_YOUR OBJECTIVE_
Dropping every picture, set down exactly the lines in the entries below, starting with the line with "Preview for 7" and going on through the line with "智慧能碳管理平台展示界面".

_RECORDS FOR THIS EXERCISE_
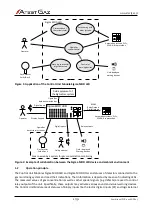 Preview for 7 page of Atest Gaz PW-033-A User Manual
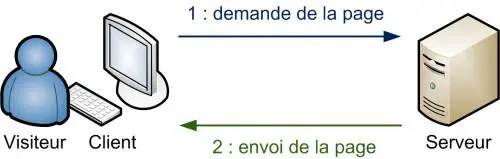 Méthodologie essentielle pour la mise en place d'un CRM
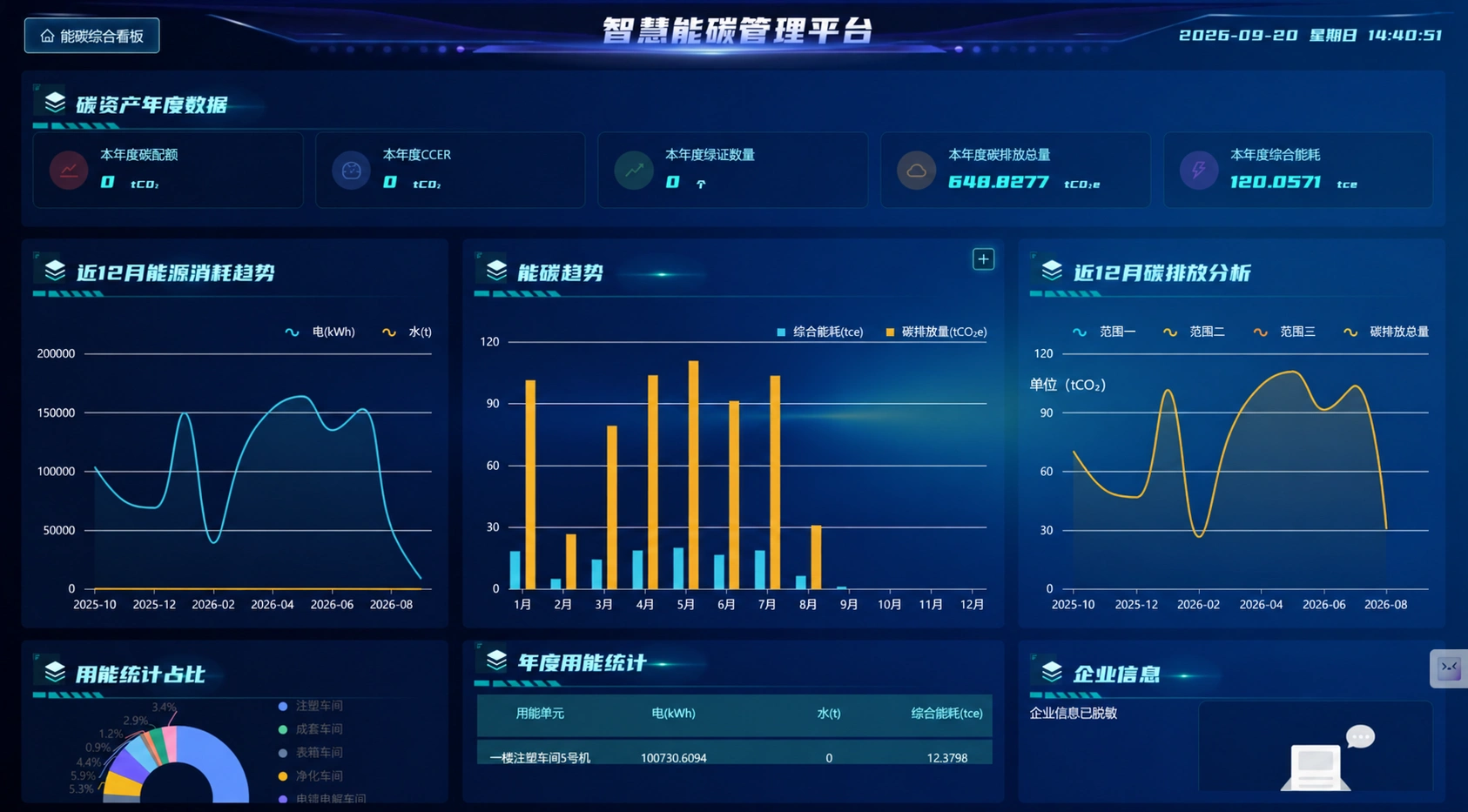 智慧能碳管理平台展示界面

==

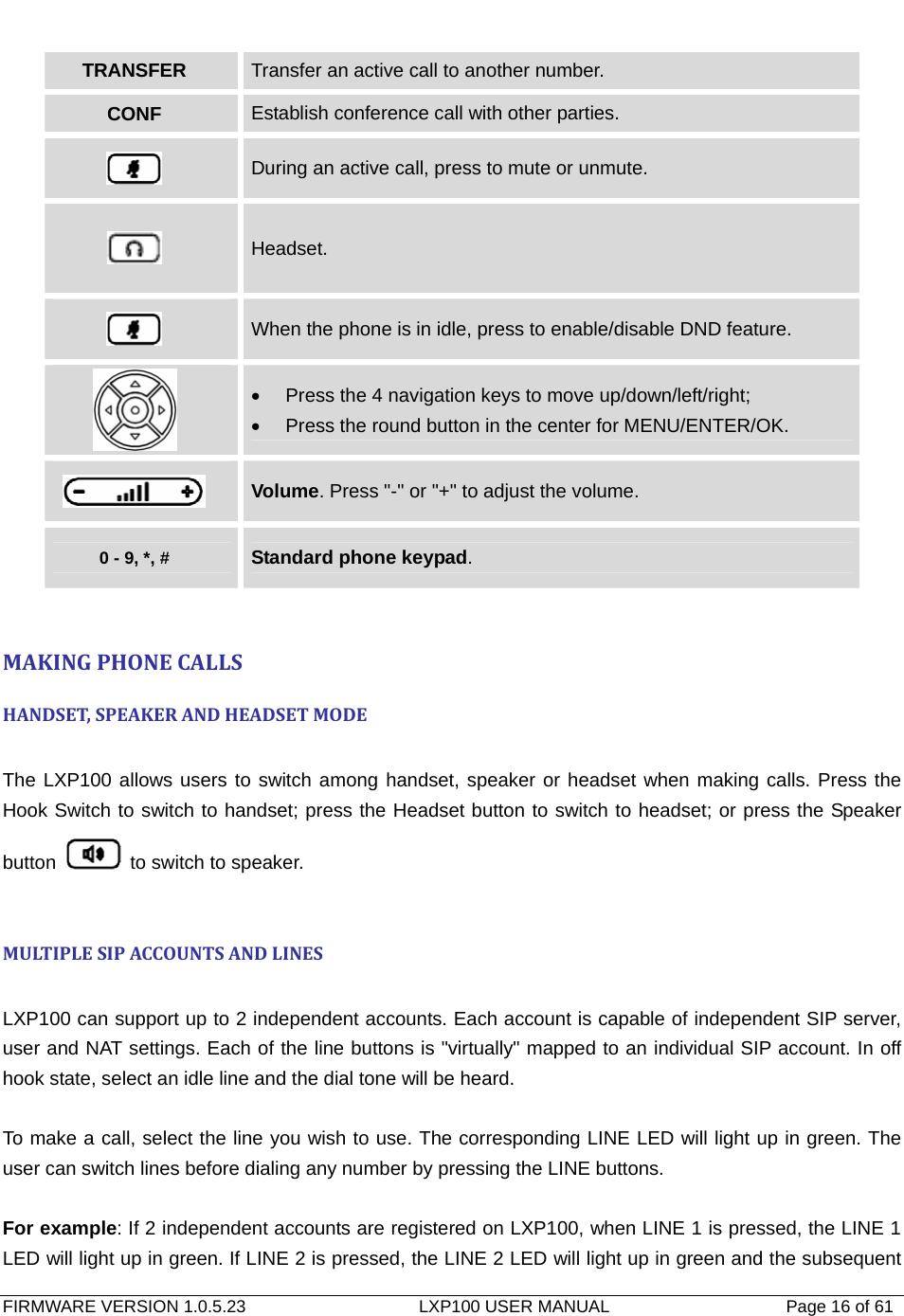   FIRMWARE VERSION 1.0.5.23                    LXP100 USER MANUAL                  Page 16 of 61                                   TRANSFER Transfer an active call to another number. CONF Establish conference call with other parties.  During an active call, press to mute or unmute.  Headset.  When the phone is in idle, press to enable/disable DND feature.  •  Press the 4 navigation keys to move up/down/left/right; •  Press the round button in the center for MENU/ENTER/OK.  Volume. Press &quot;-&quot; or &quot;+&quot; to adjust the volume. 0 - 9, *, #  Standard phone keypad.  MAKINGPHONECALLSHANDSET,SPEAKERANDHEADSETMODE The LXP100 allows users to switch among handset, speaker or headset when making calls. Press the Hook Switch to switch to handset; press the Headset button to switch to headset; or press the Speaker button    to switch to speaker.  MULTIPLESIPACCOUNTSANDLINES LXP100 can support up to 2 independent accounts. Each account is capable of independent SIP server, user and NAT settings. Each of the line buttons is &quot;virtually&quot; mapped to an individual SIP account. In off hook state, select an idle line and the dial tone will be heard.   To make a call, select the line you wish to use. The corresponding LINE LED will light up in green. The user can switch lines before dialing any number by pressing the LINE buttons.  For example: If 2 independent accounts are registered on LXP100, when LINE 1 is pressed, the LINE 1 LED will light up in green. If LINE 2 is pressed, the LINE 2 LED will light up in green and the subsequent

_RESPONSE BOX_
 Preview for 7 page of Atest Gaz PW-033-A User Manual
 Méthodologie essentielle pour la mise en place d'un CRM
 智慧能碳管理平台展示界面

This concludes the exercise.